The rapid advancement in LLMs designed for agentic code generation has also made cost management very visible. If one developer can burn through hundreds of euros in tokens in one day, the value of their work must be properly evaluated and understood.
Closely related, I’ve recently also spent a significant amount of time understanding AI service providers’ terms and conditions. Contrasting my findings with the public discourse on agentic coding around the world makes me question how much enterprise related agentic coding happens with consumer grade tools, and how sustainable this can be in the long run.
The biggest barrier I encounter is not resistance to change, lack of ambition, or even technology maturity. It is data quality. AI solutions are entirely dependent on reliable, structured and consistent data. Yet in many retail organizations, core operational data—especially around inventory—is inconsistent, delayed, or simply incorrect.
In my dialogues with companies in the grocery segment, particularly around store operations, this challenge becomes very tangible. Grocery is high-frequency, low-margin, operationally complex, and extremely sensitive to inventory accuracy. There are many sources of error: mis-scans, theft, manual overrides, and other operational deviations. Each may seem small individually, but cumulatively they add up, making reliable AI predictions very difficult.
Typical challenges include:
Retailers often want to move directly into AI-driven forecasting, replenishment optimization, dynamic pricing or personalized recommendations. But even if inventory accuracy is 97-98%, on a turnover of billions, the remaining 2-3% of errors is still significant—the AI is being trained on noise. You cannot automate what you cannot trust. AI amplifies the quality of your data, both good and bad.
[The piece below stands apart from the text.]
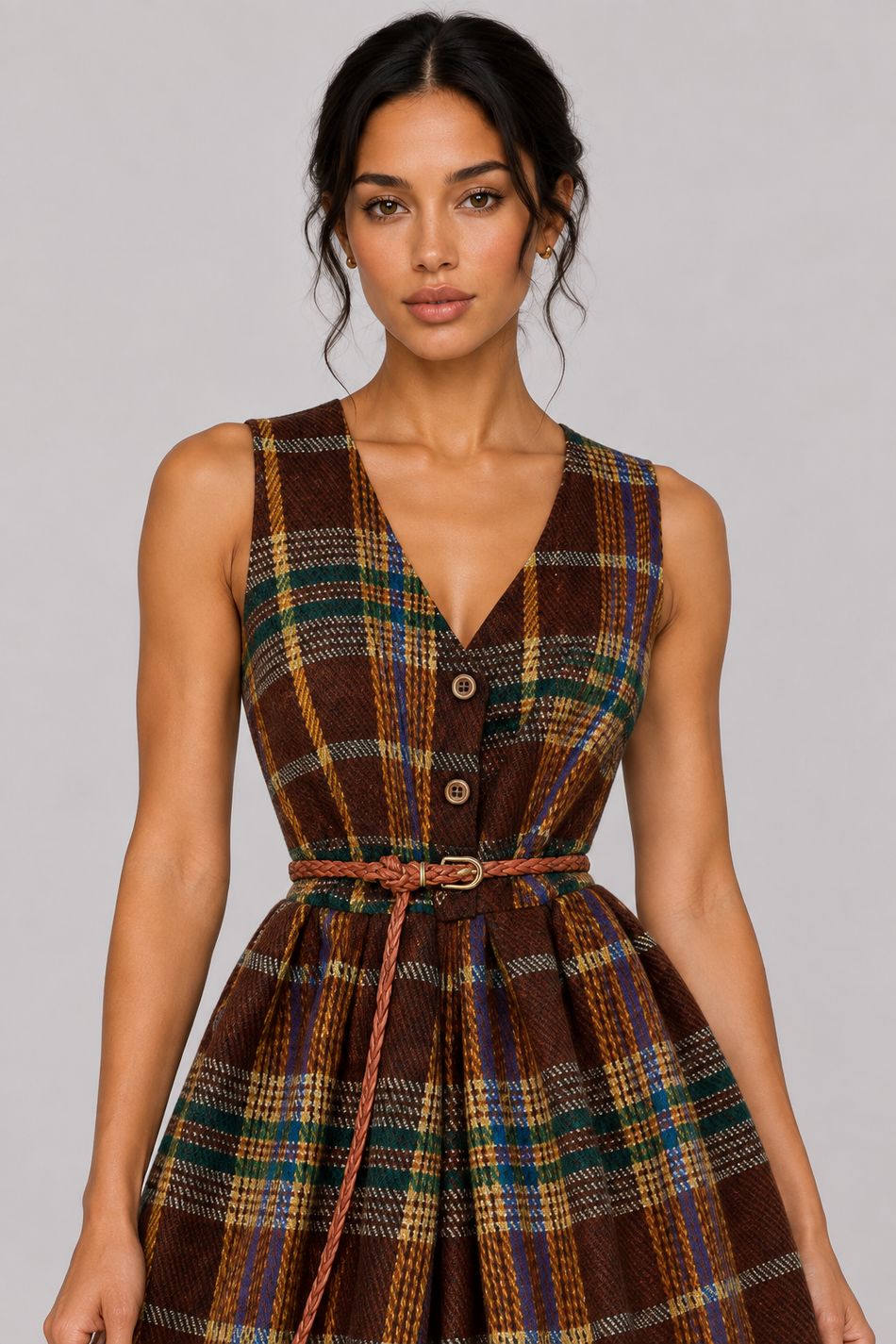 The Noémie: Belted Plaid A-Line Maxi — product image 1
Interestingly, in forecasting discussions today, the question is no longer only about improving forecast accuracy. It is increasingly about understanding the confidence level in the forecast. Decision-makers want to know: How much can we rely on this prediction? Sometimes, this confidence is less about exact precision and more about ensuring the store does not run out of stock—acting as a kind of operational insurance. Confidence intervals, explainability, and understanding these operational contingencies are becoming as important as the forecast number itself. Without trusted operational data, both accuracy and confidence suffer.
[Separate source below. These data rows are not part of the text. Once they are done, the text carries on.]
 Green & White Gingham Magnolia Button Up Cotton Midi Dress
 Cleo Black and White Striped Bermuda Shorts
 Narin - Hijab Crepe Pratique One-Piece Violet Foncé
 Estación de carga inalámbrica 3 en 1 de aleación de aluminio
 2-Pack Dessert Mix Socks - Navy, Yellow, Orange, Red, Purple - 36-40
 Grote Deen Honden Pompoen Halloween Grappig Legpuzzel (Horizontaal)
In summary, while AI offers immense potential for retailers, the consensus among experts is that successful adoption hinges on overcoming foundational structural and organizational hurdles.
Technical barriers are often secondary to issues such as fragmented data quality, undefined objectives, and the need to unlearn legacy workflows.
By prioritizing robust data governance, aligning cross-functional teams on clear KPIs, and managing cost and security risks, retailers can transform AI from an experimental initiative into a trusted engine of value generation.